Indignación en el Pumarejo ante el último caso de abuso inmobiliario conocido.

La Plataforma por la Casa de Pumarejo quiere denunciar el último caso de atropello inmobiliario del que ha tenido noticia en el barrio, que ha provocado asombro e indignación por estar detrás de él la propia Empresa Municipal de la Vivienda de Sevilla, EMVISESA.

Nos referimos a la finca de la calle San Luis 70, de la que han ido siendo expulsados sus habitantes de antiguo, y en la cual actualmente sólo resiste ya un pequeño taller de mecánica industrial. Expulsiones que, con malas artes, ha venido ejecutando la Gerencia de Urbanismo, actual propietaria de la finca tras haberla adquirido por medio de EMVISESA: todas sus acciones han estado dirigidas a forzar, por cansancio, a dicho modesto empresario a que abandone su taller. Un taller que es el medio de vida de toda su familia, ya que sus hijos también desarrollan su actividad profesional en el mismo. Así, y como ejemplos, desde enero EMVISESA se niega a cobrarle los recibos; y en marzo le leventó un muro para cortarle la salida natural de sus productos, a la calle San Luis, y ello a pesar de una orden judicial en contra.

Y ha sido la búsqueda de las razones de tan incalificable proceder, y más en un organismo público como EMVISESA, lo que ha conducido a la Plataforma al conocimiento de circunstancias anómalas en la gestión municipal.

Así, esta finca fue declarada en ruinas hace ya más de cinco años. Esto obligó a su antigua propietaria a venderla, por 22 millones, siendo la empresa constructora Sebastián Pérez López Construcciones, S.L.. la compradora. Pero tan sólo 26 días después, la adquirió a su vez EMVISESA, por medio de una permuta con otras cuatro fincas situadas en torno a la calle Imperial (y registradas con los números 408, 410, 3.146 y 3.169). Y teniendo en cuenta el valor de estas otras cuatro fincas, 90 millones de pesetas, la empresa citada consiguió con la permuta un beneficio neto de 69 millones, y en sólo 26 días; una revalorización inmobiliaria, con tintes de pelotazo, difícilmente igualable.
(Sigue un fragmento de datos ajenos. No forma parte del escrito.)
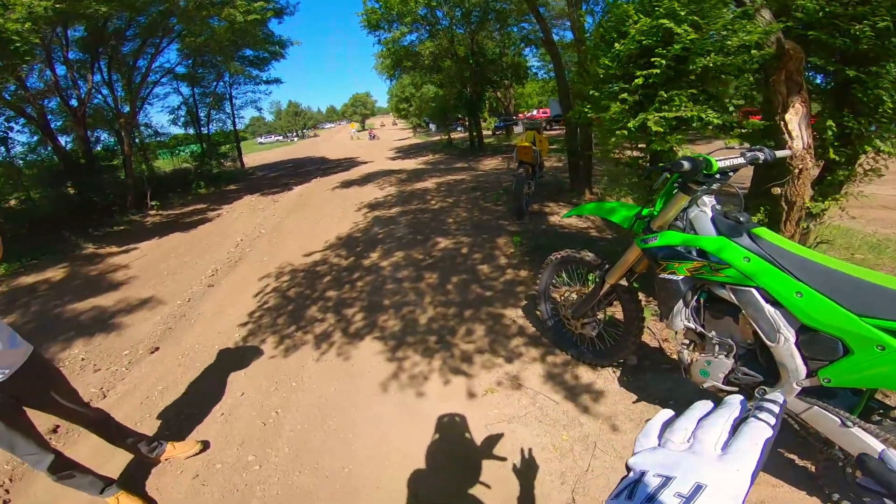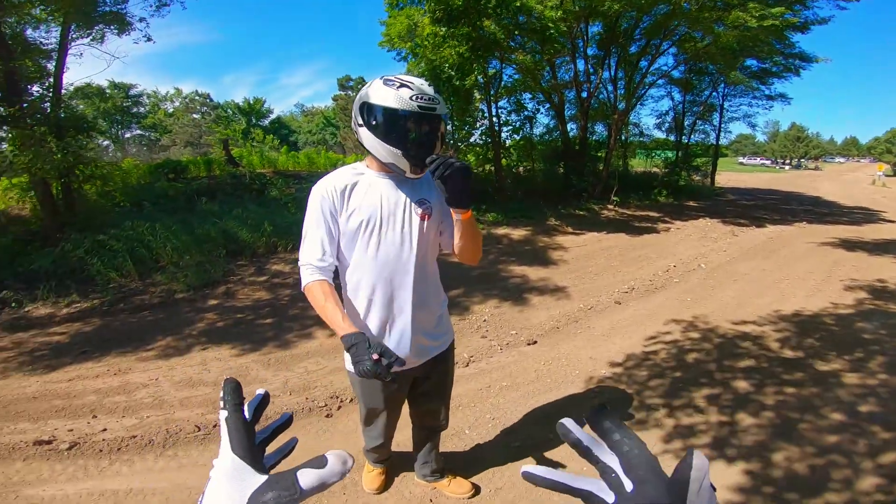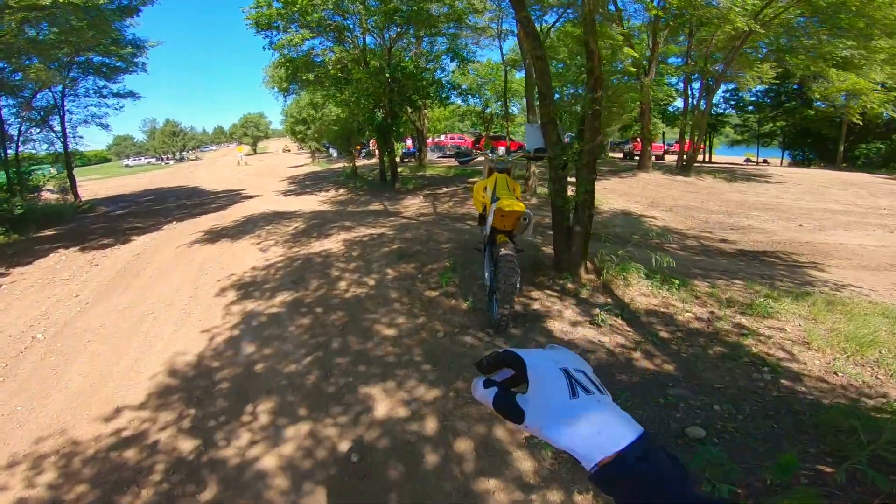Alrighty YouTube, welcome back to another video. Today we're back on the KX250, and I'm also back with Alex again — he's on his RM125. Today we're going to be hitting the moto track for the first time ever. This spot actually has a few different tracks, so we'll be able to see which one works and which one doesn't. It did rain last night so it might be super muddy, but hopefully not. Keeping the intro short and sweet — we're going to hop on the bikes and go check out the first track.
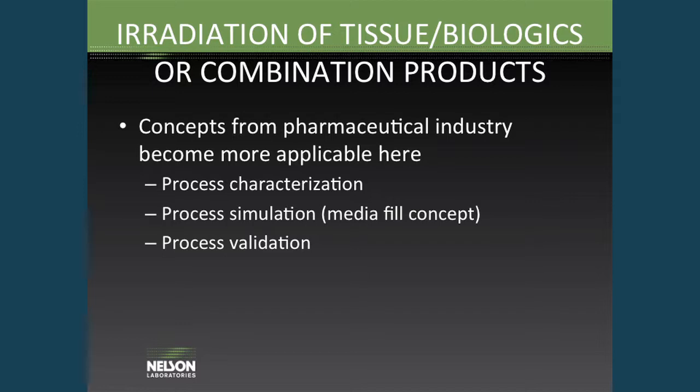Sometimes for these types of products, concepts from the pharmaceutical industry are becoming more applicable. Where you need to get a nice low dose and demonstrate a nice low bioburden, concepts such as process characterization, process simulation, or process validation become more important — to ensure that your manufacturing process is adding as little as possible to the product when it comes to bioburden.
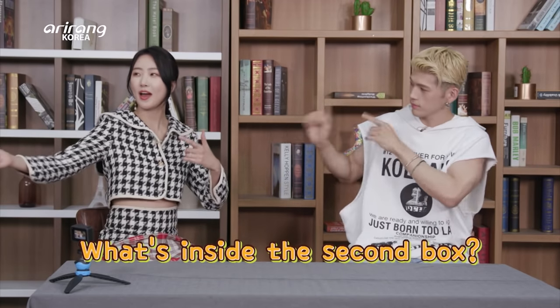Without further ado, let's check out our second box. Second box! Let's go ahead and open it right away.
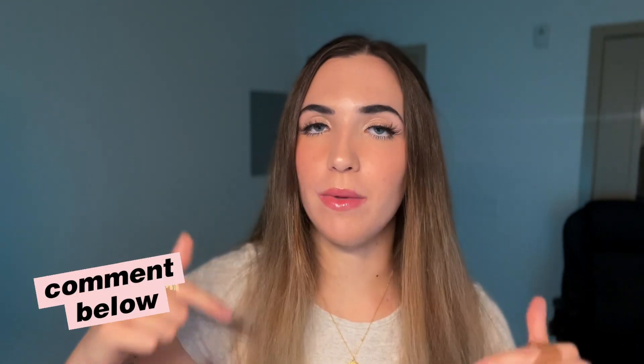If you're still here, thank you so much for sticking around for this longer video. I hope it was really helpful. Let me know if you have any questions in the comments below. Make sure to like and subscribe, and stick around because I have some pretty exciting videos coming up in the new year. Bye!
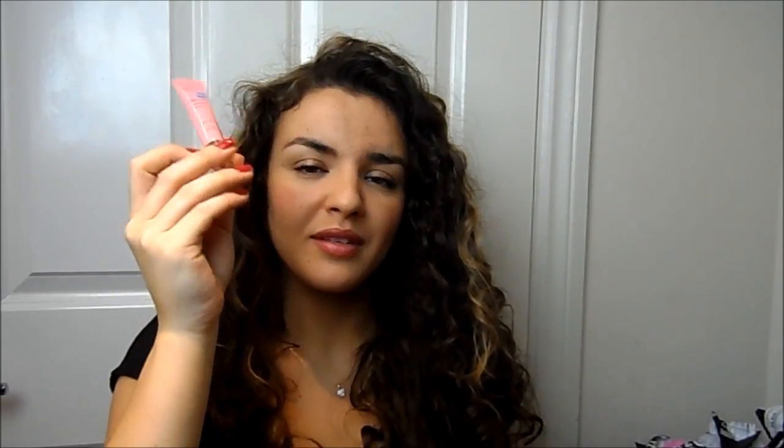I also picked up one of the No7 BB Lips Beauty Balms because I'm going on holiday next week and thought it would be nice to have something moisturizing, glossy, and pretty to use on the plane. I wouldn't have normally bought it, but I had one of those No7 money-off vouchers.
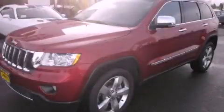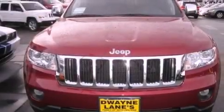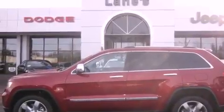This is a brand new 2012 Jeep Grand Cherokee for when safety, size, and space are of importance. It has a 5.7-liter 8-cylinder engine, an automatic transmission, and 4-wheel drive.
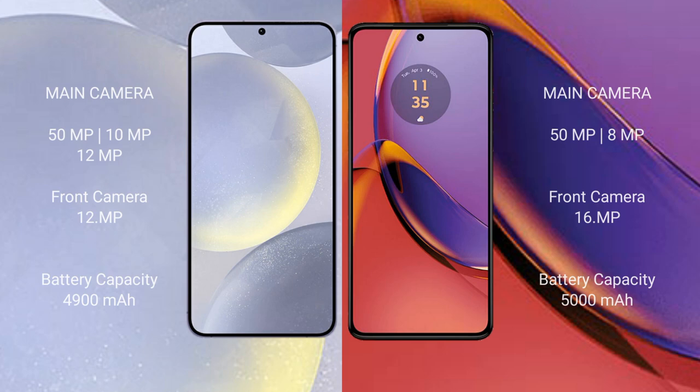Samsung Galaxy S24 Plus features a triple rear camera setup: 50MP plus 10MP plus 12MP, and a 12MP front camera. Motorola Moto G84 features a dual rear camera setup: 50MP plus 8MP, and a 16MP front camera.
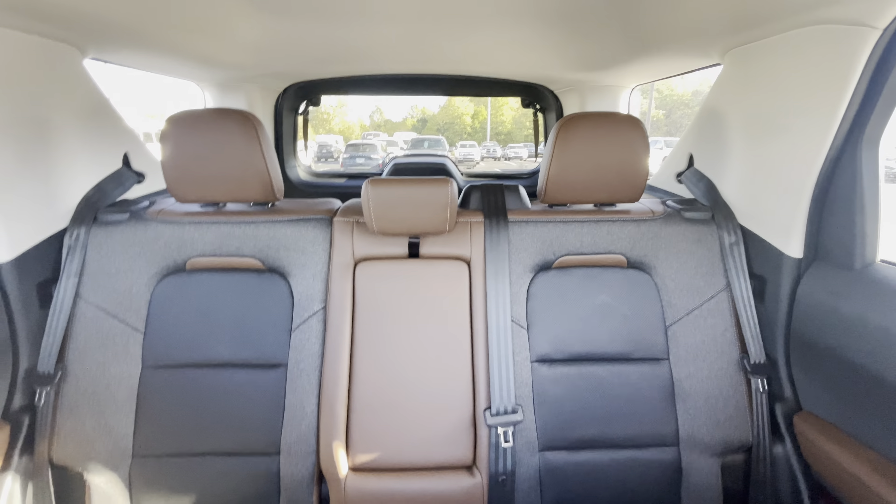No warning lights on or anything — that's just the parking brake. 25,599 miles.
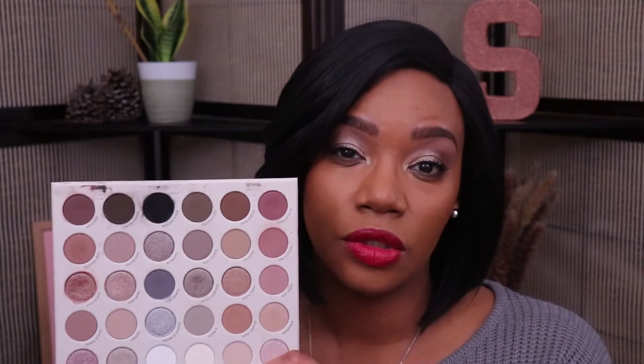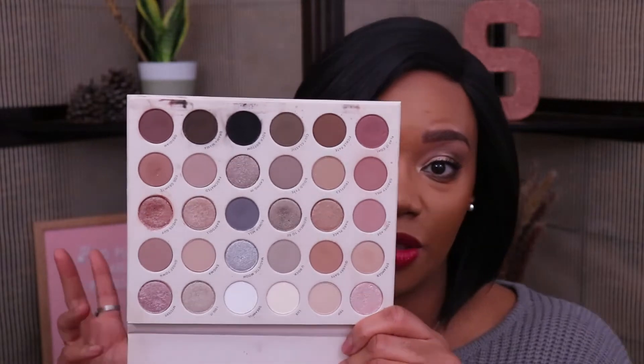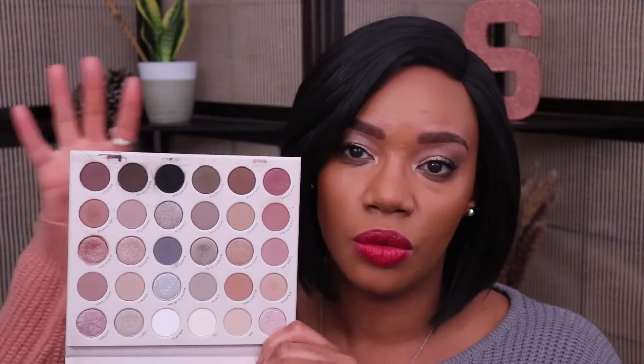The first product on my list is the ColourPop Stone Cold Fox palette. This is a really nice palette for people who love cool-tone makeup like myself — a great everyday palette, and you can use some of the darker shades to smoke out a look for a nighttime look. Some people might think it's too monochromatic, but compared to something like the ColourPop It's a Mood palette with all its different colors, this one is actually really versatile, especially for people who love cool-tone makeup.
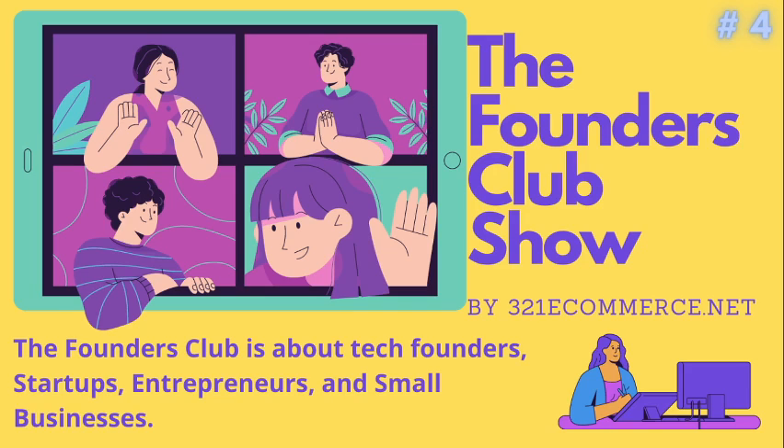That is it for this episode. If you are an entrepreneur and don't have a tech co-founder or a tech product yet, you can check out www.321ecommerce.net for more details and to look at ready-made minimum viable products or MVPs, white labels. If you are a founder with an MVP and ready to market and want to promote your product or service, contact us. For more details about this episode, visit www.321ecommerce.net.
En definitiva, que las permutas de solares, si bien no han de conllevar una lectura especial, en casos como éste de tan exagerada descompensación de los valores inmobiliarios respectivos, en perjuicio de los intereses comunitarios y en beneficio de un particular, se tornan escandalosas. Pero lo que ya afrenta directamente la sensibilidad vecinal son las formas de proceder deleznables de un organismo que, por ser público, habría de dar ejemplo de bienhacer en todas sus acciones, no equiparándose con las prácticas de algunos propietarios particulares contra sus inquilinos.

Sevilla, a 12 de septiembre de 2000.